## Supplied data
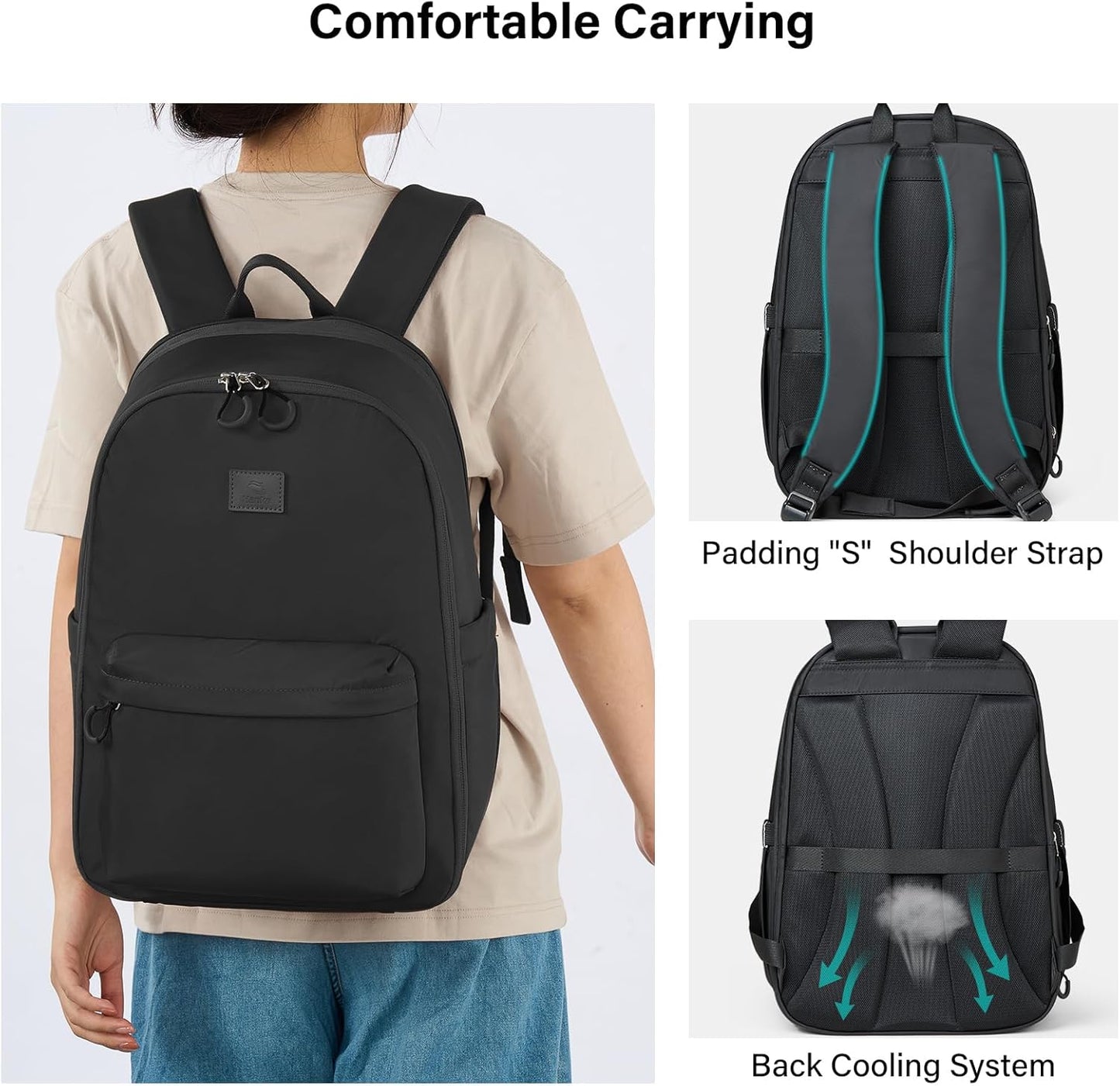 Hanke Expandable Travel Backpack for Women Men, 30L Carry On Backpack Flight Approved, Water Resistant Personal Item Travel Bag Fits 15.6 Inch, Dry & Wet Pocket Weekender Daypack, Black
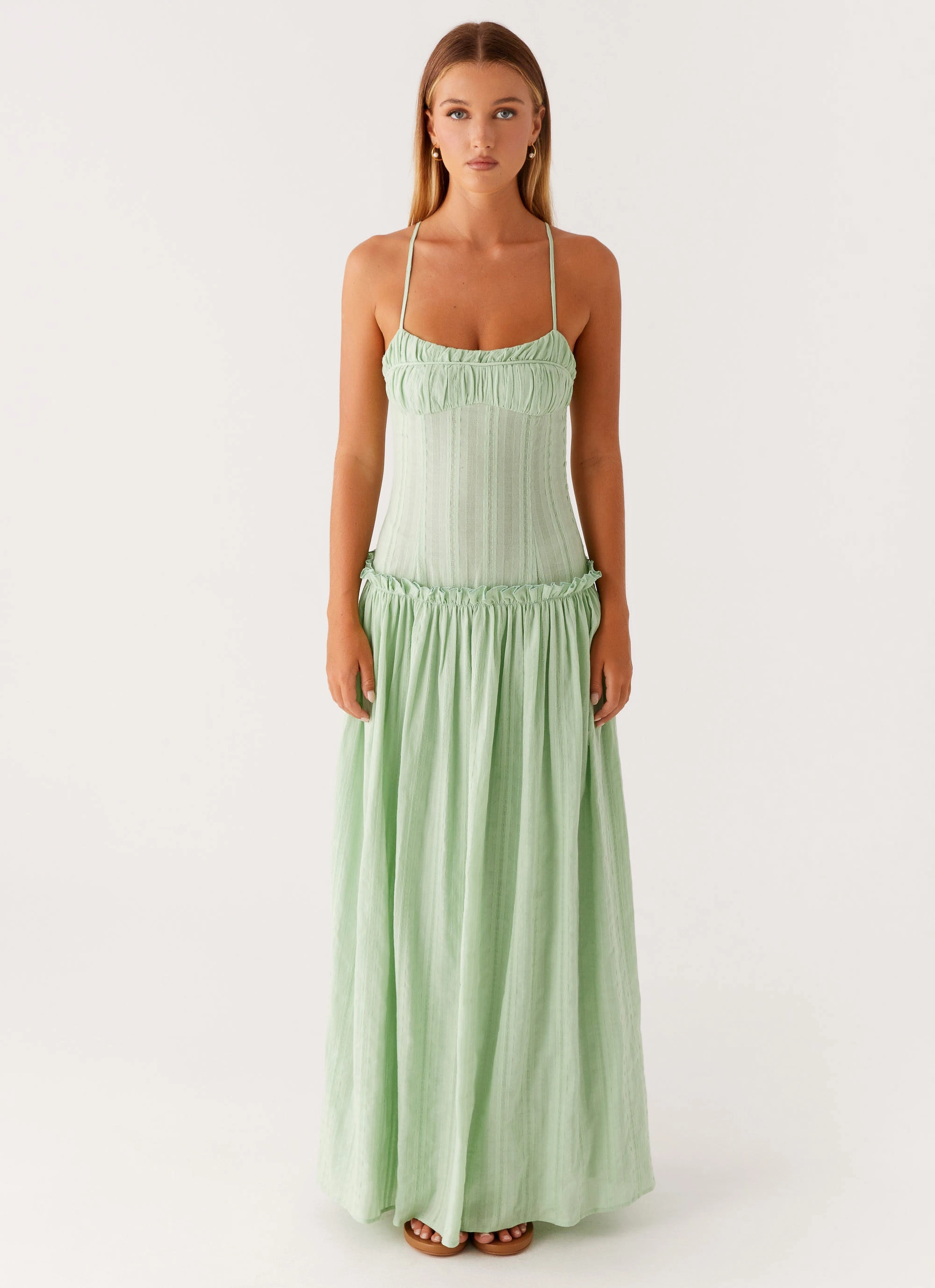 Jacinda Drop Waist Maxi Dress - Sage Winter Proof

==

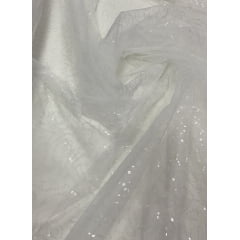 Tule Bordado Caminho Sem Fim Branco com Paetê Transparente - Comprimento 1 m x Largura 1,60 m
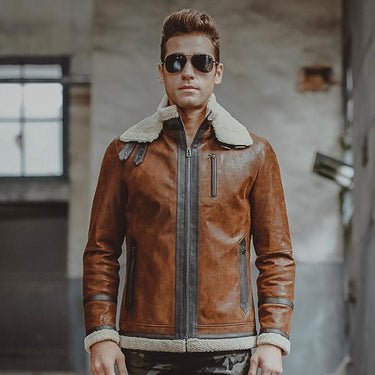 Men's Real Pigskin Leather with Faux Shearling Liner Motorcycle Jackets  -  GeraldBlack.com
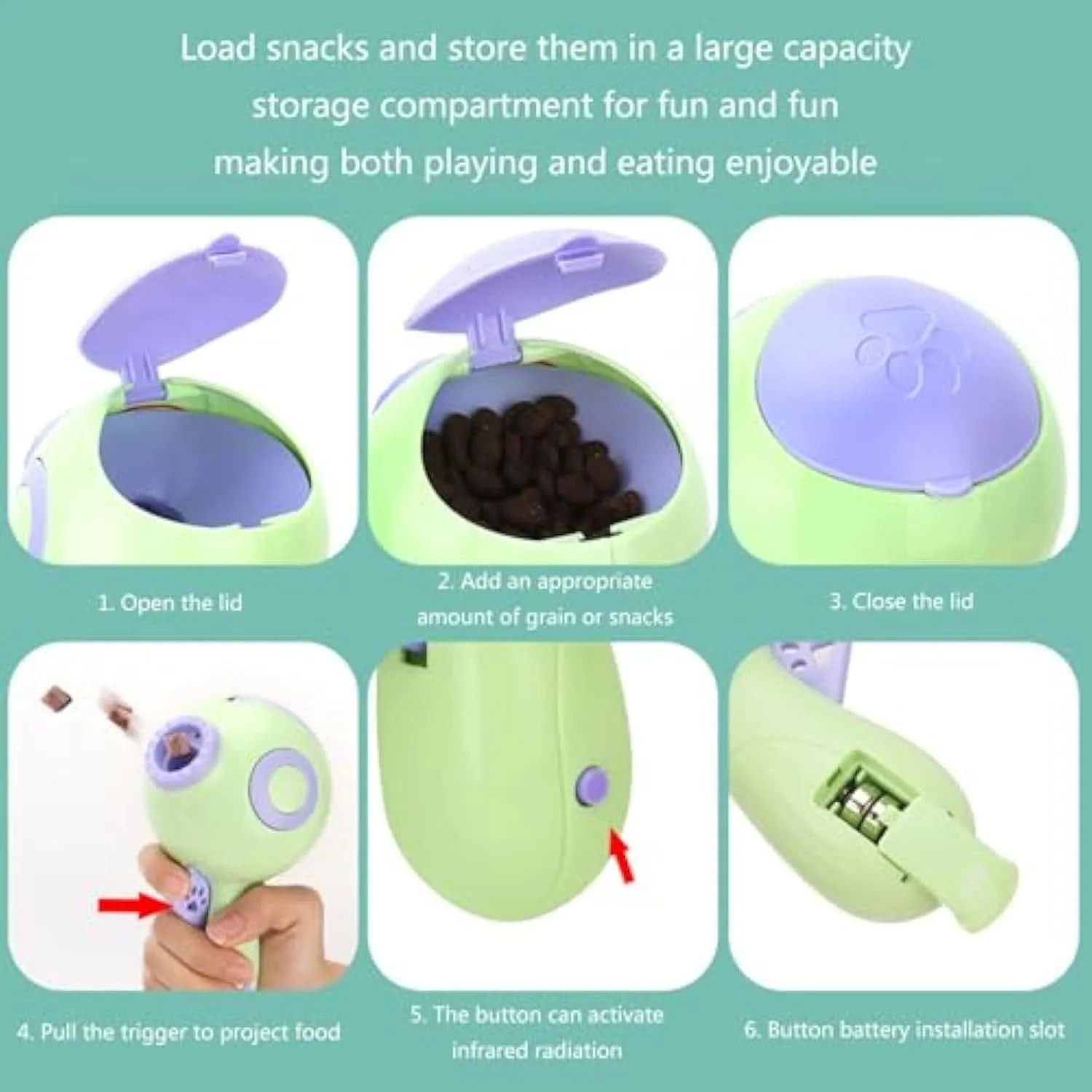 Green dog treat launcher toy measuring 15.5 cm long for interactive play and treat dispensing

## What needs to be done
Using the data above, retype exactly the lines from the line with "Hanke Expandable Travel" to the line with "Jacinda Drop Waist", inclusive. No pictures and nothing else.

## Response to the task
 Hanke Expandable Travel Backpack for Women Men, 30L Carry On Backpack Flight Approved, Water Resistant Personal Item Travel Bag Fits 15.6 Inch, Dry & Wet Pocket Weekender Daypack, Black
 Jacinda Drop Waist Maxi Dress - Sage Winter Proof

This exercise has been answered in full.